As usual, I analyze my GA data in R thanks to the amazing {googleAnalyticsR} package from Mark Edmondson.

Note that the actual number presented below will not be very useful for you. Every blog and website is different, so every audience is different. This post is more about illustrating the process of analyzing GA data in R (and this year, also to illustrate the process of combining GA data from two GA IDs), rather than about showing my numbers.

Prerequisites

Before anything else, you have to specify the GA ID for which you want to analyze data. Mine are as follows:

ga_id <- c("208126346", "250795226")

You will find your(s) in the admin section of your GA account.

Analytics

In this section, I present some visualizations that might be useful when analyzing your GA data. Feel free to comment at the end of the post if you use other interesting visualizations.

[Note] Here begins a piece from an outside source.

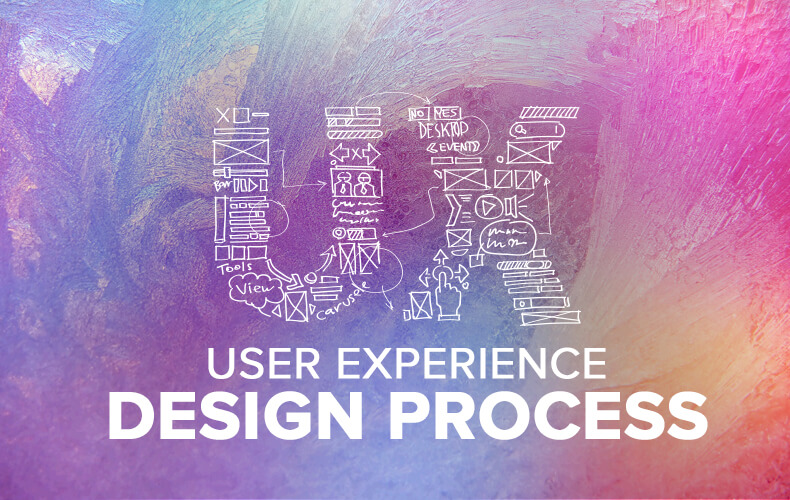 Why designers should follow User Experience Process for a product startup?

Note that I focus on the page views metrics in this post, but you can edit my code to show other metrics as well. See the metrics available for UA and the ones for GA4.

Page views over time

Let’s start with the evolution of the number of page views over the past year, so from December 16, 2021 to December 15, 2022.

library(googleAnalyticsR)

# set date range
start_date <- as.Date("2021-12-16")
end_date <- as.Date("2022-12-15")

# extract data from both IDs
dat1 <- google_analytics(ga_id[1],
  date_range = c(start_date, end_date),
  metrics = "pageviews",
  dimensions = "date",
  anti_sample = TRUE # avoid sampling
)

dat2 <- ga_data(ga_id[2],
  date_range = c(start_date, end_date),
  metrics = "screenPageViews",
  dimensions = "date",
  limit = -1 # return all data (no limit)
)

# combine data from both IDs
library(dplyr)
dat <- full_join(dat1, dat2, by = "date")
dat$page_views <- rowSums(select(dat, pageviews, screenPageViews),
  na.rm = TRUE
)


# scatter plot with a trend line
library(ggplot2)
dat %>%
  ggplot(aes(x = date, y = page_views)) +
  geom_point(size = 1L, color = "gray") + # change size and color of points
  geom_smooth(color = "steelblue", alpha = 0.25) + # change color of smoothed line and transparency of confidence interval
  theme_minimal() +
  labs(
    y = "Page views",
    x = "",
    title = "Evolution of daily page views",
    subtitle = paste0(format(start_date, "%b %d, %Y"), " to ", format(end_date, "%b %d, %Y")),
    caption = "Data: Google Analytics data of statsandr.com"
  ) +
  theme(plot.margin = unit(c(5.5, 17.5, 5.5, 5.5), "pt")) + # to avoid the plot being cut on the right edge
  scale_y_continuous(labels = scales::comma) # better y labels

As you can see in the code above, we need to:

  • extract data from two different IDs: this is done with google_analytics() for UA and ga_data() for GA4 (with each function having its own arguments)
  • join data from the two IDs (with a full_join() because even after moving to GA4, there were still some hits on UA, so I need to keep data from the 2 IDs for the entire year)
  • sum up the metric for both IDs (with rowSums())

This process will be done repeatedly for each visualization.

From the plot above, we see that the number of page views follows a cyclical evolution (with a decrease during summer). This trend follows the same pattern than last year, but the increase in the last quarter of the year is larger in 2022.

Note that there seems to be consistently some days with a lower number of page views than the rest. This is actually the weekends. See more on that in this section. Note also the presence of an outlier with a number of page views above 5,000. No post has been published on that day, so it probably comes from an old post that was shared to a large audience.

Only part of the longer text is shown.